### WHAT IS EXPECTED
Below is a listing; retype exactly the lines between the one containing "Crocheted top kitchen" and the one containing "काभ्रेको साँगामा सर्वसाधारणलाई", inclusive, minus the pictures.

### RECORDS FOR PROCESSING
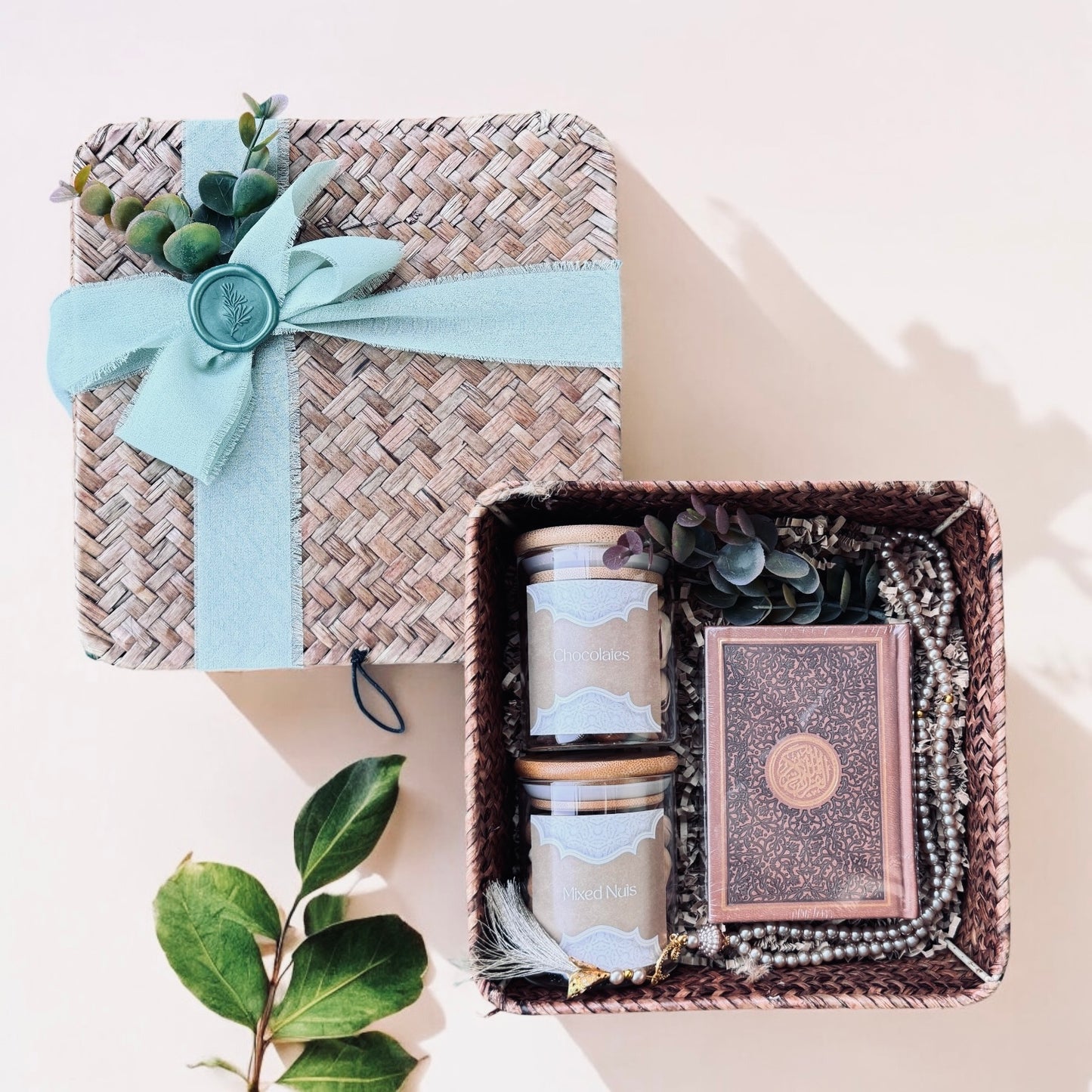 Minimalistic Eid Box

* * *

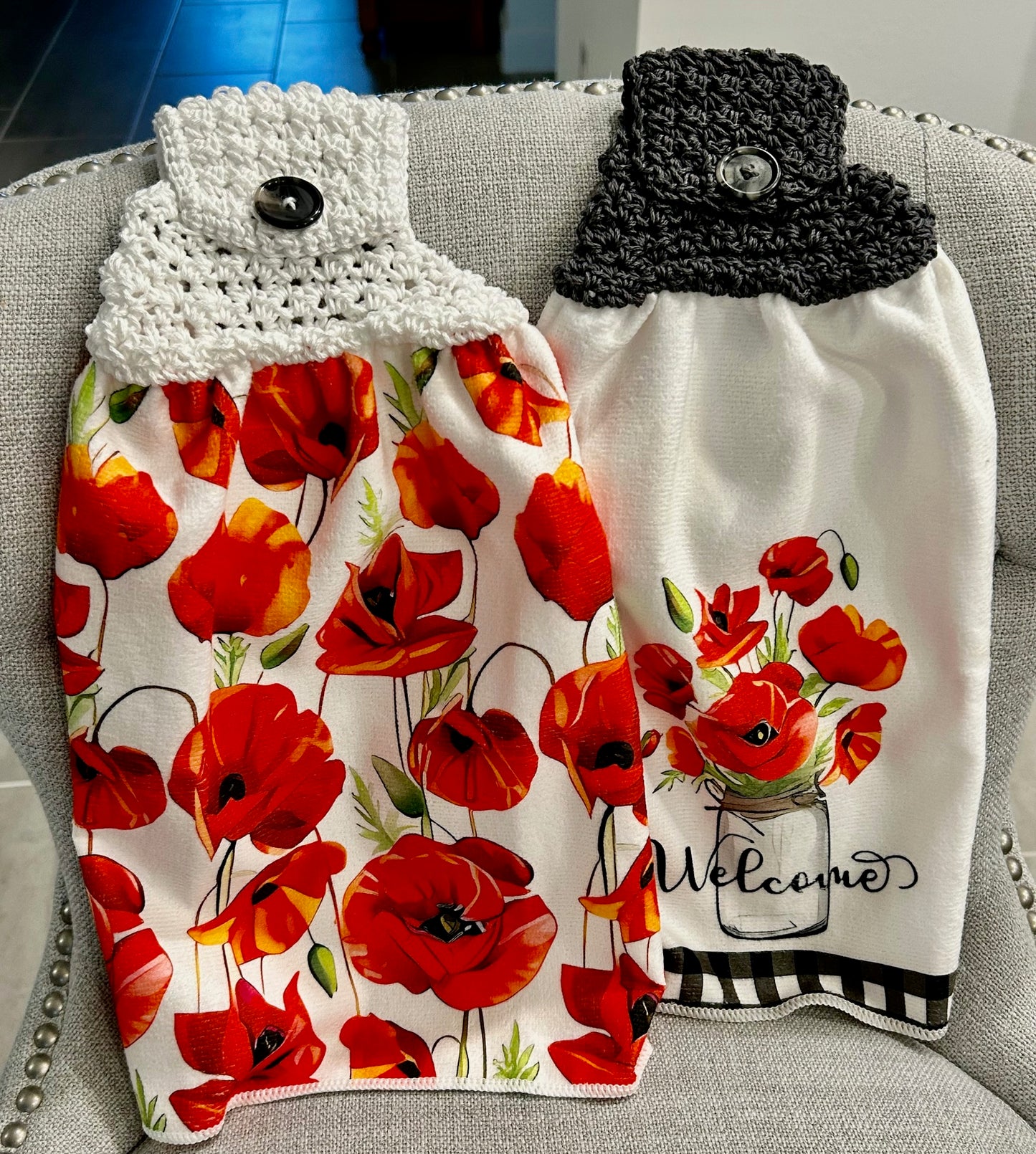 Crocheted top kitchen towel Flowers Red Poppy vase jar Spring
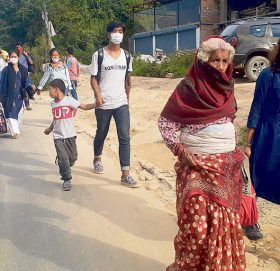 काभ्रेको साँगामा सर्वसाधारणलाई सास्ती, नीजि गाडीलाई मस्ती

### ANSWER TO THIS PROBLEM
 Crocheted top kitchen towel Flowers Red Poppy vase jar Spring
 काभ्रेको साँगामा सर्वसाधारणलाई सास्ती, नीजि गाडीलाई मस्ती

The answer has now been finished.